Updating Existing Parameters

  • SetParameter(this IDbCommand, string parameterName, object value)
  • SetParameter(this IDbCommand, int index, object value)

Execution and Conversion

  • ExecuteScalarAs<T>()
  • ExecuteScalarAs<T>(defaultValue)
  • ExecuteScalarAs<T>(TryParseHandler<T>)
  • ExecuteScalarAs<T>(defaultValue, TryParseHandler<T>)
  • ExecuteEnumeratorOf<T>(defaultValue, TryParseHandler<T>)

These convert ADO.NET results to requested types with fallback behavior.

Command Debugging

  • DumpToString()
  • Dump(StringBuilder)
  • Dump(TextWriter)

Useful with DynamicDatabase.DumpCommands and custom log sinks.

IDataReader and Row Helpers

From DynamicExtensions.cs:

  • ToList(this IDataReader)
  • RowToDynamic(this IDataReader)
  • RowToExpando(this IDataReader)
  • RowToDynamic(this DataRow)
  • RowToExpando(this DataRow)
  • upper-case variants (RowToDynamicUpper, RowToExpandoUpper)
  • GetFieldDbType(this IDataReader, int i)

Reader Caching

  • CachedReader(this IDataReader, int offset = 0, int limit = -1, Func<DynamicCachedReader, int, bool> progress = null)

This creates an in-memory DynamicCachedReader snapshot.

DataReaderExtensions

  • ToDataTable(this IDataReader, string name = null, string nameSpace = null)

Converts current reader rows/schema to a DataTable.

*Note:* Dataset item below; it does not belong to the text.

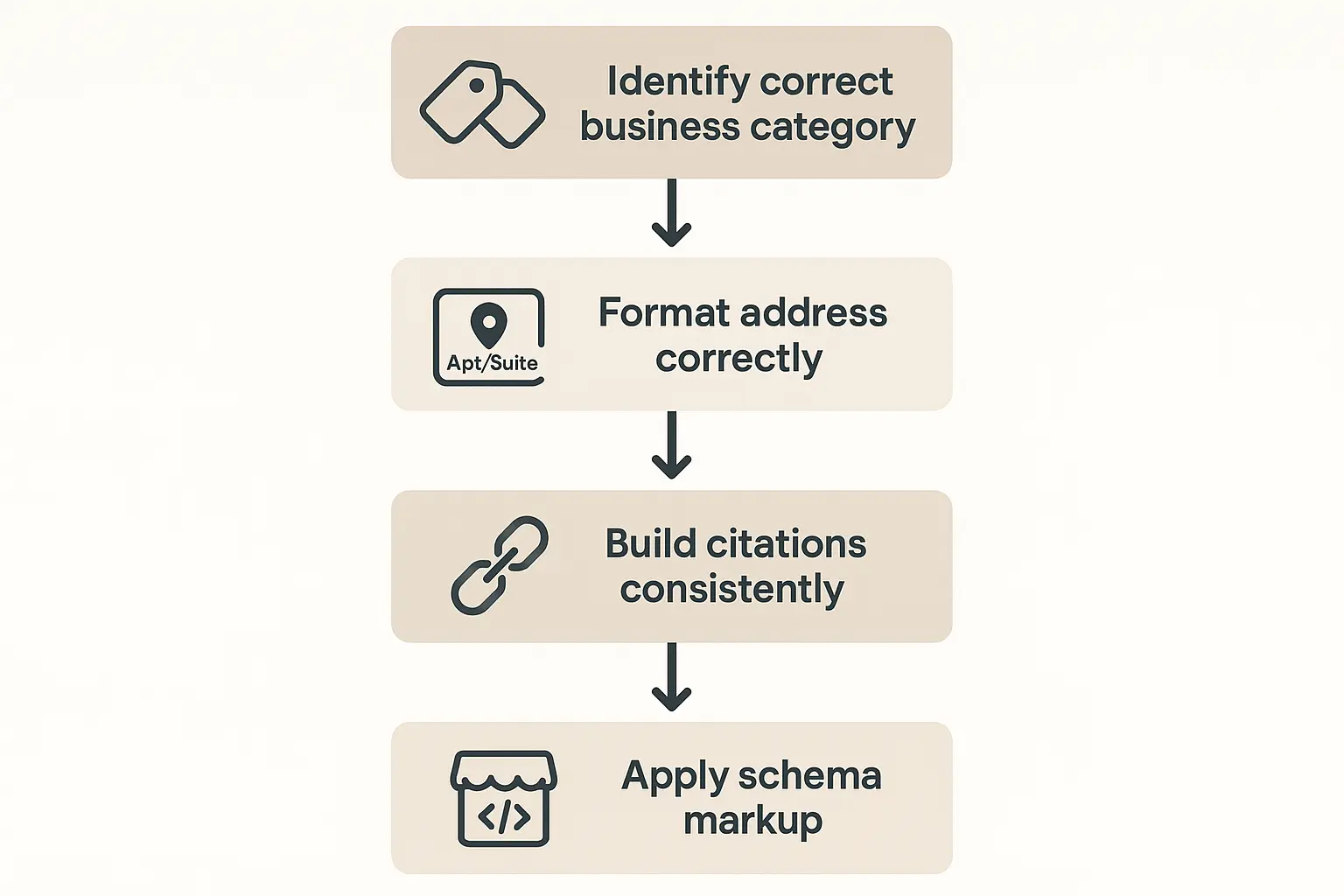 A screenshot showing the correct way to format a 'store-within-a-store' address in Google Business Profile.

ReaderExtensions Null-Safe Accessors

Typed nullable access by column name:

  • GetBooleanIfNotNull
  • GetByteIfNotNull
  • GetCharIfNotNull
  • GetDateTimeIfNotNull
  • GetDecimalIfNotNull
  • GetDoubleIfNotNull
  • GetFloatIfNotNull
  • GetGuidIfNotNull
  • GetInt16IfNotNull
  • GetInt32IfNotNull
  • GetInt64IfNotNull
  • GetStringIfNotNull
  • GetValueIfNotNull

Each method accepts an optional default value and returns it when DB value is null.

DynamicCachedReader

DynamicCachedReader implements IDataReader and stores:

  • schema metadata
  • field names/types/ordinals
  • full row cache (supports multi-result sets)

Construction options:

  • new DynamicCachedReader(IDataReader, offset, limit, progress)
  • DynamicCachedReader.FromDynamicEnumerable(...)
  • DynamicCachedReader.FromEnumerable<T>(...)
  • DynamicCachedReader.FromEnumerable(Type, IEnumerable)

Typical usage:

using (var rdr = cmd.ExecuteReader())
using (var cached = rdr.CachedReader())
{
    while (cached.Read())
    {
        var row = cached.RowToDynamic();
    }
}

When to use it:

  • You need disconnected reader semantics.
  • You need multiple passes or deferred mapping.
  • You need stable materialization before connection disposal.

Tradeoff:

  • Higher memory use proportional to result size.